Walmart, while it doesn’t own a PBM or a clinic division, also is talking the “saving employers/payers’ health-care costs” message. Through a program with Caterpillar, Walmart will waive pharmacy copays for all 70,000 CAT beneficiaries. Walmart’s leaders promise they can reduce costs and are pushing for a seat at the healthcare reform table.
The calls from retail pharmacy for meaningful reform are everywhere—like the full-page ad that ran in an early February edition of The Washington Post from Walgreens, urging politicians and policy makers to take a common sense approach to healthcare reform.
“America cannot wait another day for healthcare reform,” the ad read. “The nation’s largest employers, the family of four, the uninsured single mother, all tell us that the U.S. healthcare system is collapsing around them.”
Admittedly, I already had begun thinking about how retail clinics could play a larger role in the delivery of health care in America, long before our new President and the 111th U.S. Congress began down this road of reform. The question was and is, what would that role be and how might it work? Because it isn’t just a simple matter of breaking down the barriers that prevent retail clinics from operating in certain parts of the country.
This isn’t about expansion of retail clinics as a new healthcare delivery model; at this point, that has to be a no-brainer. There just aren’t enough doctors in this country. By next year it is expected that the physician shortage will stand at about -50,000 and counting.
This is about an expanded role in health care for retail clinics. Because that is where the savings really begin to add up.
In the recent ad, Walgreens noted the company’s experience on the employer-based solutions side of its business. “On average, these centers deliver $2 to $4 in savings for every dollar invested by the corporation,” the ad stated. “And these savings don’t include the value of disease prevention and management programs integrated into care delivery at these on-site centers.”

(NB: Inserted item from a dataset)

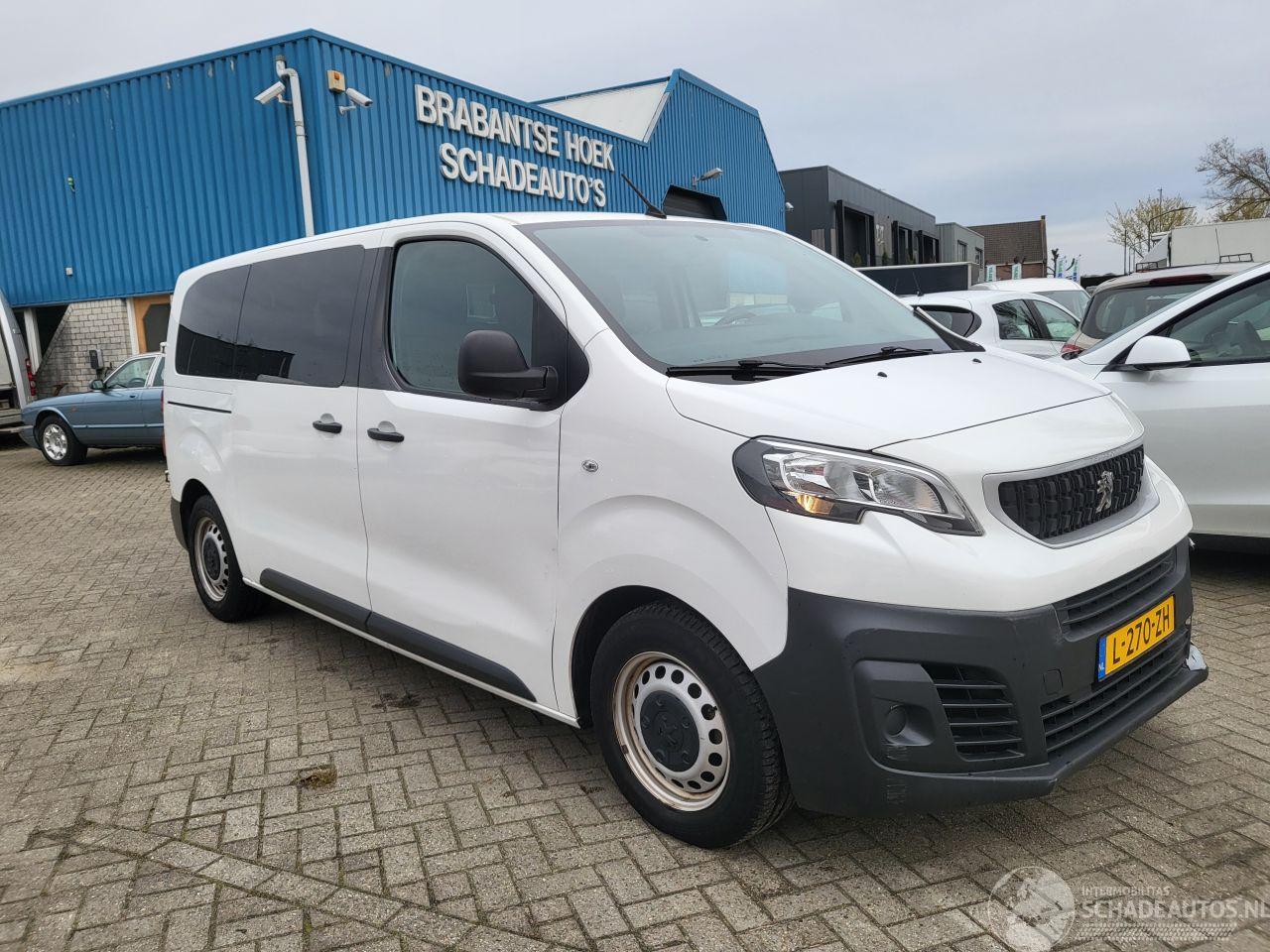 Peugeot Expert e-Expert 100 kW 9 persoons met panoramadak rijdbaar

I already had been thinking about this when I came across a chart from the February 2009 edition of U.S. News & World Report, which listed the 12 most effective prevention measures that could be implemented with the biggest overall impact in terms of lives and dollars saved. Eight-of-12 are either services that retail clinics correctly offer, or could be offering, including daily aspirin use consultation, childhood immunizations, smoking cessation counseling, alcohol abuse screening, colorectal cancer screening, hypertension screening, influenza screening, vision screening, cervical cancer screening, cholesterol screening, pneumococcal immunization and breast cancer screening.
For Drug Store News’ money, the writing is right there on the wall: if there is going to be meaningful reform in American health care, retail pharmacy and clinics are going to be at the center of that improvement.